◆ What you have to do
Retype all of the material exactly, leaving no line out.

◆ Provided information
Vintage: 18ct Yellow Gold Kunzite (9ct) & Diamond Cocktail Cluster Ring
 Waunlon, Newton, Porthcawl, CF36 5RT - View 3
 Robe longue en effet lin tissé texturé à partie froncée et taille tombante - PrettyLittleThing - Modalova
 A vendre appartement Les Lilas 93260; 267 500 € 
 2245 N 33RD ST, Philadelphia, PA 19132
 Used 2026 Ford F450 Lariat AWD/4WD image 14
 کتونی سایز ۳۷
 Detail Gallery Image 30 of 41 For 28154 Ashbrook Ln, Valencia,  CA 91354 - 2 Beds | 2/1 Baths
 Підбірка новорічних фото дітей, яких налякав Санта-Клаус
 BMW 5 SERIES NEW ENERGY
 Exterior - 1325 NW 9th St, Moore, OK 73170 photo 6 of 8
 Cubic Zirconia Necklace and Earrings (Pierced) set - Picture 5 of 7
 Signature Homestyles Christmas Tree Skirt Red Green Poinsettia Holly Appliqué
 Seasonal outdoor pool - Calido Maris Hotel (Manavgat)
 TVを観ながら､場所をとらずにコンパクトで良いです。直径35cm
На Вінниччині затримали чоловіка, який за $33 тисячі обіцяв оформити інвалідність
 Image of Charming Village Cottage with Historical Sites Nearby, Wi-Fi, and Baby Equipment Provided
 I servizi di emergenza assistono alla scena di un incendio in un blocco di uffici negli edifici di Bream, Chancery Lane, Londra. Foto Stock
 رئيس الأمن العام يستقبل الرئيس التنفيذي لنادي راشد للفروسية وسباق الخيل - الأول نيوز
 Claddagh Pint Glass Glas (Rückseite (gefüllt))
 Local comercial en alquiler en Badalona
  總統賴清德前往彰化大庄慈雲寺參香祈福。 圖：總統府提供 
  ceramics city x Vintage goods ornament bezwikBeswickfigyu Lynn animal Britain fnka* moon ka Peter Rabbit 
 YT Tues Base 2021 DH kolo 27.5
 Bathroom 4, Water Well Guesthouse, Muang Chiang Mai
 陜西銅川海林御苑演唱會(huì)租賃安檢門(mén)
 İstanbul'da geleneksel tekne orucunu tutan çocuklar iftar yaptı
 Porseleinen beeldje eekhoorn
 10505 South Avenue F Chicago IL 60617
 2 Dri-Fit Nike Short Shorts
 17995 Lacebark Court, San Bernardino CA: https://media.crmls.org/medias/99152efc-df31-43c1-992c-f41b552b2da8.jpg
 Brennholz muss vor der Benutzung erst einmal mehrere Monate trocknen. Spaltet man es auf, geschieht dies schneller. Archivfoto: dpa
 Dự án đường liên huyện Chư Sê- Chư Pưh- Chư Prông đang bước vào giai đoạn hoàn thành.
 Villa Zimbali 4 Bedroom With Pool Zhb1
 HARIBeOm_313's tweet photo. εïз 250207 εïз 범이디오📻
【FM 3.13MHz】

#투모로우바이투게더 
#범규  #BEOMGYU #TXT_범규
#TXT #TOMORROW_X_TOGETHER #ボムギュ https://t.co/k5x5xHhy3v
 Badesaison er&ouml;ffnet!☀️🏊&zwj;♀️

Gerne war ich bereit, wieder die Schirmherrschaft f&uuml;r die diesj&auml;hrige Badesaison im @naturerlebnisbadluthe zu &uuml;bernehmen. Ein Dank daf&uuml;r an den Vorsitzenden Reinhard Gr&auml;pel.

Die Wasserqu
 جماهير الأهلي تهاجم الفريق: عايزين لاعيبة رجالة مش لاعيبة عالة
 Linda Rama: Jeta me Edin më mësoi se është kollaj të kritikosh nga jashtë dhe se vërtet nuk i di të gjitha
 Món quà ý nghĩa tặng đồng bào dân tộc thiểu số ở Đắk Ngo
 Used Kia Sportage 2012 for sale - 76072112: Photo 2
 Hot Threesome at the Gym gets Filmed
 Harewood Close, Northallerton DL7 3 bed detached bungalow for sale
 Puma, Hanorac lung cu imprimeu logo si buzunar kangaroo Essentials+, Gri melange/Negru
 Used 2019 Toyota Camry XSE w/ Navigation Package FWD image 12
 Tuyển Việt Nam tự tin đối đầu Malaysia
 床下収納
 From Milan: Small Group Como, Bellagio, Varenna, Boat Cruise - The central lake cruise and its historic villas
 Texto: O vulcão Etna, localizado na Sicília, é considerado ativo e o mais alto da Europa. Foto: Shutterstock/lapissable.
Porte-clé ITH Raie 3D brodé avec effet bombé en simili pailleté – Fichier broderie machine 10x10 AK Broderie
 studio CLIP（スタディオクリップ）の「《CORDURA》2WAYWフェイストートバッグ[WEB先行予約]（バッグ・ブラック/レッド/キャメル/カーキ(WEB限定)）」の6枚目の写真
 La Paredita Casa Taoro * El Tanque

◆ Expected answer
Vintage: 18ct Yellow Gold Kunzite (9ct) & Diamond Cocktail Cluster Ring
 Waunlon, Newton, Porthcawl, CF36 5RT - View 3
 Robe longue en effet lin tissé texturé à partie froncée et taille tombante - PrettyLittleThing - Modalova
 A vendre appartement Les Lilas 93260; 267 500 € 
 2245 N 33RD ST, Philadelphia, PA 19132
 Used 2026 Ford F450 Lariat AWD/4WD image 14
 کتونی سایز ۳۷
 Detail Gallery Image 30 of 41 For 28154 Ashbrook Ln, Valencia,  CA 91354 - 2 Beds | 2/1 Baths
 Підбірка новорічних фото дітей, яких налякав Санта-Клаус
 BMW 5 SERIES NEW ENERGY
 Exterior - 1325 NW 9th St, Moore, OK 73170 photo 6 of 8
 Cubic Zirconia Necklace and Earrings (Pierced) set - Picture 5 of 7
 Signature Homestyles Christmas Tree Skirt Red Green Poinsettia Holly Appliqué
 Seasonal outdoor pool - Calido Maris Hotel (Manavgat)
 TVを観ながら､場所をとらずにコンパクトで良いです。直径35cm
На Вінниччині затримали чоловіка, який за $33 тисячі обіцяв оформити інвалідність
 Image of Charming Village Cottage with Historical Sites Nearby, Wi-Fi, and Baby Equipment Provided
 I servizi di emergenza assistono alla scena di un incendio in un blocco di uffici negli edifici di Bream, Chancery Lane, Londra. Foto Stock
 رئيس الأمن العام يستقبل الرئيس التنفيذي لنادي راشد للفروسية وسباق الخيل - الأول نيوز
 Claddagh Pint Glass Glas (Rückseite (gefüllt))
 Local comercial en alquiler en Badalona
  總統賴清德前往彰化大庄慈雲寺參香祈福。 圖：總統府提供 
  ceramics city x Vintage goods ornament bezwikBeswickfigyu Lynn animal Britain fnka* moon ka Peter Rabbit 
 YT Tues Base 2021 DH kolo 27.5
 Bathroom 4, Water Well Guesthouse, Muang Chiang Mai
 陜西銅川海林御苑演唱會(huì)租賃安檢門(mén)
 İstanbul'da geleneksel tekne orucunu tutan çocuklar iftar yaptı
 Porseleinen beeldje eekhoorn
 10505 South Avenue F Chicago IL 60617
 2 Dri-Fit Nike Short Shorts
 17995 Lacebark Court, San Bernardino CA: https://media.crmls.org/medias/99152efc-df31-43c1-992c-f41b552b2da8.jpg
 Brennholz muss vor der Benutzung erst einmal mehrere Monate trocknen. Spaltet man es auf, geschieht dies schneller. Archivfoto: dpa
 Dự án đường liên huyện Chư Sê- Chư Pưh- Chư Prông đang bước vào giai đoạn hoàn thành.
 Villa Zimbali 4 Bedroom With Pool Zhb1
 HARIBeOm_313's tweet photo. εïз 250207 εïз 범이디오📻
【FM 3.13MHz】

#투모로우바이투게더 
#범규  #BEOMGYU #TXT_범규
#TXT #TOMORROW_X_TOGETHER #ボムギュ https://t.co/k5x5xHhy3v
 Badesaison er&ouml;ffnet!☀️🏊&zwj;♀️

Gerne war ich bereit, wieder die Schirmherrschaft f&uuml;r die diesj&auml;hrige Badesaison im @naturerlebnisbadluthe zu &uuml;bernehmen. Ein Dank daf&uuml;r an den Vorsitzenden Reinhard Gr&auml;pel.

Die Wasserqu
 جماهير الأهلي تهاجم الفريق: عايزين لاعيبة رجالة مش لاعيبة عالة
 Linda Rama: Jeta me Edin më mësoi se është kollaj të kritikosh nga jashtë dhe se vërtet nuk i di të gjitha
 Món quà ý nghĩa tặng đồng bào dân tộc thiểu số ở Đắk Ngo
 Used Kia Sportage 2012 for sale - 76072112: Photo 2
 Hot Threesome at the Gym gets Filmed
 Harewood Close, Northallerton DL7 3 bed detached bungalow for sale
 Puma, Hanorac lung cu imprimeu logo si buzunar kangaroo Essentials+, Gri melange/Negru
 Used 2019 Toyota Camry XSE w/ Navigation Package FWD image 12
 Tuyển Việt Nam tự tin đối đầu Malaysia
 床下収納
 From Milan: Small Group Como, Bellagio, Varenna, Boat Cruise - The central lake cruise and its historic villas
 Texto: O vulcão Etna, localizado na Sicília, é considerado ativo e o mais alto da Europa. Foto: Shutterstock/lapissable.
Porte-clé ITH Raie 3D brodé avec effet bombé en simili pailleté – Fichier broderie machine 10x10 AK Broderie
 studio CLIP（スタディオクリップ）の「《CORDURA》2WAYWフェイストートバッグ[WEB先行予約]（バッグ・ブラック/レッド/キャメル/カーキ(WEB限定)）」の6枚目の写真
 La Paredita Casa Taoro * El Tanque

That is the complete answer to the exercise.